Kyivans are hardened to such images because they are so familiar. And, while reliable numbers are hard to come by, this winter has exposed already a large number of homeless people on the capital’s streets. The number of homeless is easily in the thousands, exacerbated by Ukraine’s economic crisis and Russia’s war in the east.

“Since this year we have seen a rise of homeless because of the war in eastern Ukraine,’ explains Natalia Ivanenchuk of Ukraine’s Emergency Ministry, putting the official homeless number at a conservative 12,000 people (not counting those displaced by war).

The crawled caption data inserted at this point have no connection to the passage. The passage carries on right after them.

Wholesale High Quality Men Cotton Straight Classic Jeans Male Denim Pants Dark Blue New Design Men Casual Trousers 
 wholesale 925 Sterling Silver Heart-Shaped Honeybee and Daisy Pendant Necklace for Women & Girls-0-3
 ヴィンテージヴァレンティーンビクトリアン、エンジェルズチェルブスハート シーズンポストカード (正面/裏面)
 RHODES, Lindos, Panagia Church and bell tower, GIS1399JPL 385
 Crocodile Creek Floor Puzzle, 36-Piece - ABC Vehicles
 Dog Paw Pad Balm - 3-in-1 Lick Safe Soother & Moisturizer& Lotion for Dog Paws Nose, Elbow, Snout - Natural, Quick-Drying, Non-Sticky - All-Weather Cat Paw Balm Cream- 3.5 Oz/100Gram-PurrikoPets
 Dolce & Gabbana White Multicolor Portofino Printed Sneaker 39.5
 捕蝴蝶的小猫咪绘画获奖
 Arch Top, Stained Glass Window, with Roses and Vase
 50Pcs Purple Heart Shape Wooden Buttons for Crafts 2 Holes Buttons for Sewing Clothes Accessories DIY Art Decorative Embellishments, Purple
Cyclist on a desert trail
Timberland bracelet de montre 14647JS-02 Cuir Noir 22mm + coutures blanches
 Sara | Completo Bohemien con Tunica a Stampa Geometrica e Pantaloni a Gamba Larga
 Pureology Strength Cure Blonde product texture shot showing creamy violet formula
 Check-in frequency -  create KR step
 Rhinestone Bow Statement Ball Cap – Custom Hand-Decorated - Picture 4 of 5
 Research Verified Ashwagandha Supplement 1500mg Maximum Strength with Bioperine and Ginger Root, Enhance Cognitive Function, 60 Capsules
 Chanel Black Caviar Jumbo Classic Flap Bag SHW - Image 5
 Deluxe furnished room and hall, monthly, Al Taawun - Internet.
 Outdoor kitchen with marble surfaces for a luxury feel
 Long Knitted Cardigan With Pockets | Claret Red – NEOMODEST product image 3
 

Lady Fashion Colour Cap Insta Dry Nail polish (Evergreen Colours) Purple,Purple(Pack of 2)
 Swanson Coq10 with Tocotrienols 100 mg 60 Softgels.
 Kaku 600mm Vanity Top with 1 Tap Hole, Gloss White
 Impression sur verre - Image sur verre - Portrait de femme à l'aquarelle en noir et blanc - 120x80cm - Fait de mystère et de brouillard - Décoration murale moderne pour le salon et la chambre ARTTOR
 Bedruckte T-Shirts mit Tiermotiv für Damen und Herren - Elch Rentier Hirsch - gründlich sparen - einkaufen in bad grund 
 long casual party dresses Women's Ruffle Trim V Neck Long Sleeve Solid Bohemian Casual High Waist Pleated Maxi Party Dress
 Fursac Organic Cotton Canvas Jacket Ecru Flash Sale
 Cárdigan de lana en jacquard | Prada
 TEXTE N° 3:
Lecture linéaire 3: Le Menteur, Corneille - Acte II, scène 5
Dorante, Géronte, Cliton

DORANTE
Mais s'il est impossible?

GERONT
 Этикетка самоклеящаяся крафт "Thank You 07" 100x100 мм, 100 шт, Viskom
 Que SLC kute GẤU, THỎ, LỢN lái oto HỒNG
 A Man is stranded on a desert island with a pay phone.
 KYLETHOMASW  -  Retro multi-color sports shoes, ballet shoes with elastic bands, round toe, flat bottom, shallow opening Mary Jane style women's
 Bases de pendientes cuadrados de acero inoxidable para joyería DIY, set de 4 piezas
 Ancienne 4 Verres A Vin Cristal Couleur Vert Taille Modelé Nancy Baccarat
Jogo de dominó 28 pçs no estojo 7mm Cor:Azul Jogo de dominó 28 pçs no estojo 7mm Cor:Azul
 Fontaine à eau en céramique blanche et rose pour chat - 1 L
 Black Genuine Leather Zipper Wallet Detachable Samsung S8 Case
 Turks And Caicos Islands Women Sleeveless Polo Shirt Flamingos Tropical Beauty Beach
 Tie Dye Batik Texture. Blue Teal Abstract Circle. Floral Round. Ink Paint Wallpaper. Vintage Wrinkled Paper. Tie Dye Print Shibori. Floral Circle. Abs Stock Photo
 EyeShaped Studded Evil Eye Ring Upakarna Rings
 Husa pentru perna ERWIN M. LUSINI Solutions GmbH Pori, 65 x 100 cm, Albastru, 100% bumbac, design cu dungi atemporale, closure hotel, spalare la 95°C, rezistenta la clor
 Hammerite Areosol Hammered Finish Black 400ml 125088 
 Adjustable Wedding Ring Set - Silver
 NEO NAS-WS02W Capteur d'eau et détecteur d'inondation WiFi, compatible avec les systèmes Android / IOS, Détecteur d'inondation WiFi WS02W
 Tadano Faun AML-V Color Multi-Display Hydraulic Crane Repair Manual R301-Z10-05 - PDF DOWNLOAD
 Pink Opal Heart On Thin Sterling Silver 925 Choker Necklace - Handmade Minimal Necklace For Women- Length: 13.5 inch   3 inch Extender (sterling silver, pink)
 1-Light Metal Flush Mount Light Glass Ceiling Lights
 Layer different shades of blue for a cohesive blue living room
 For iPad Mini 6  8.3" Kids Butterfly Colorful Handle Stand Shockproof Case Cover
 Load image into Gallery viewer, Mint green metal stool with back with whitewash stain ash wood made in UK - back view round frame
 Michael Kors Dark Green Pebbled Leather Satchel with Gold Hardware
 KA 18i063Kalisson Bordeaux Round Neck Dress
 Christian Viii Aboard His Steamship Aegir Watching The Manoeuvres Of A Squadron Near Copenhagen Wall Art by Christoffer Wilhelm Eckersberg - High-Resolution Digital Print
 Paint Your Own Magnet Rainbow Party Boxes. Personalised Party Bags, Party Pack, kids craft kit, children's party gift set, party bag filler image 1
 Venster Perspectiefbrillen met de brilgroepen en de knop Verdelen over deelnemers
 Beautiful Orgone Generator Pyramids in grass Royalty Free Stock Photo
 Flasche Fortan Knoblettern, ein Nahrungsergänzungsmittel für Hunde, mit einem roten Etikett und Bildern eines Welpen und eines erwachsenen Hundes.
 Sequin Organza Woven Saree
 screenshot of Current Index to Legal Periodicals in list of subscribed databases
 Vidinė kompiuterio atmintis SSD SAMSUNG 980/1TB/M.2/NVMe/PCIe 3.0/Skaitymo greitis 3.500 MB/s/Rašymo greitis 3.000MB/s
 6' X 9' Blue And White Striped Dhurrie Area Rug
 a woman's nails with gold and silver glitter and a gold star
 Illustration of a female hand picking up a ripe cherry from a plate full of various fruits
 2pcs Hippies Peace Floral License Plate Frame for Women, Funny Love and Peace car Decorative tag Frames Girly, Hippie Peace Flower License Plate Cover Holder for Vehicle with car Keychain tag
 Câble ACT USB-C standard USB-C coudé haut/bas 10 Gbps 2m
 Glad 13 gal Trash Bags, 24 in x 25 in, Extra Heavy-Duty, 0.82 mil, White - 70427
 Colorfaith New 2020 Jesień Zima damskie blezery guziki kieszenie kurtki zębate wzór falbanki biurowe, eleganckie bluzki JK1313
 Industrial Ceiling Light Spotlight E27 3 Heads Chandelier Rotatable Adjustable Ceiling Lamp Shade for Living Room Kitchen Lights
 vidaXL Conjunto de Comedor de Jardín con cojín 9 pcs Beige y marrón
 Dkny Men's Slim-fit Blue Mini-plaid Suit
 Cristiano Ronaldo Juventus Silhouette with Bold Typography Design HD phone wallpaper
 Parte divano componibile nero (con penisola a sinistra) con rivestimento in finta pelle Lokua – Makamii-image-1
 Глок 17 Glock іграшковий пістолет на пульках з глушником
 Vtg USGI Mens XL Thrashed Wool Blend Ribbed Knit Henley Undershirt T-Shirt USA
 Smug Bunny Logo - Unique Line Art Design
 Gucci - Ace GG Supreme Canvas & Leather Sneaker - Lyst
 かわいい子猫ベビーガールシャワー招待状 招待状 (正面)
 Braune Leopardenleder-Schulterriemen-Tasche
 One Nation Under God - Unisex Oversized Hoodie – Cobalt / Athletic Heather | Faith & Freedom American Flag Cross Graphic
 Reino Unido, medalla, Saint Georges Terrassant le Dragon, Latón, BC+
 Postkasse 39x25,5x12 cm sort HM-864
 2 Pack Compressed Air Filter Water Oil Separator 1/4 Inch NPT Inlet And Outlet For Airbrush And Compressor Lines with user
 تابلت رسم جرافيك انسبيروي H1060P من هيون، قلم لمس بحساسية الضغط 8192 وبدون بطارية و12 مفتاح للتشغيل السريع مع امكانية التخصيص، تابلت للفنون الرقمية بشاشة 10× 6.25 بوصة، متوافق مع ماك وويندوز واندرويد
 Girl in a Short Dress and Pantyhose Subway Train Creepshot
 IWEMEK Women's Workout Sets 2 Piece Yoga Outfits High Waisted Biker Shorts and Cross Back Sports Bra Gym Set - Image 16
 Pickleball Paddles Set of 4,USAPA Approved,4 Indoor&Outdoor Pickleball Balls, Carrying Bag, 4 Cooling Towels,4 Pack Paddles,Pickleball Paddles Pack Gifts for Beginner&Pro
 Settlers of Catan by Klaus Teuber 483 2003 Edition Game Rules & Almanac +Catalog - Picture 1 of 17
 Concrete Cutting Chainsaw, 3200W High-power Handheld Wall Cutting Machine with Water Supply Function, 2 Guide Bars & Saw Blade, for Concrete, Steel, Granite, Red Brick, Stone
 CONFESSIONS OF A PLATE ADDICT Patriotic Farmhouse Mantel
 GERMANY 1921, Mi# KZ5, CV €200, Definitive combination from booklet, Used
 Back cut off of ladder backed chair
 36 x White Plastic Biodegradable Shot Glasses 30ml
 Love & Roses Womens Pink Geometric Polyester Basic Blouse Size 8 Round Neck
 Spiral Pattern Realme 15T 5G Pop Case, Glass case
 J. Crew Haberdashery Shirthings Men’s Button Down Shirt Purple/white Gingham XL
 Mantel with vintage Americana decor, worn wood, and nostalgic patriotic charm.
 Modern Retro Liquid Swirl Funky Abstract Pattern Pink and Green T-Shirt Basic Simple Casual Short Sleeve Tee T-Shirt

The homeless don’t get much sympathy.

Valeriy Kochernik, 19, says homeless don’t want to work. “Also, I believe that they’re alcoholics. Look at that woman. She
doesn’t seem 100 percent,” he says.  

Aleksey Zakka sits on a blanket with a McDonald’s
cup filled with some coins, counting the drops of rainwater collecting in a bucket. He still wears his
summer jacket, as he doesn’t have money to buy a winter coat. In a small
plastic bag he carries some unwashed clothes. He used to work full-time in a supermarket, making
little money and taking mainly care for his mother who had cancer. His dad was
an alcoholic who left his mother when he was only a little kid. He doesn’t have
siblings. 

Three years ago, his mother died when Zakka was 25 years old. He became homeless. “I just want a normal life, but I don’t know
how. Nobody is there to help me. Nobody would even
care if I die here on the street.”

Hundreds of Ukrainian
homeless people have already been sent to various hospitals for cold-related
afflictions. Zakka stays warm by staying near the Maidan metro station, where many homeless stay overnight.

Help seems far away for these group though, as the
number of homeless people keeps growing because of the severe economic crisis
and the war in eastern Ukraine, leaving many more people displaced, spread
throughout country. In Kiev alone, officially there are some 12,000 – if not
more – people living on the street.

Government officials are clearly not meeting the needs of the increasing numbers of homeless.

Zakka is not hopeful for any help.

“All
politicians are the same. They only care for their own money. They don’t care
about people like me. My country would do nothing for me. It’s a shame,” he says, glancing into his cup again only to see that he still has no money in it.

Stefan Huijboom is a freelance journalist in Ukraine.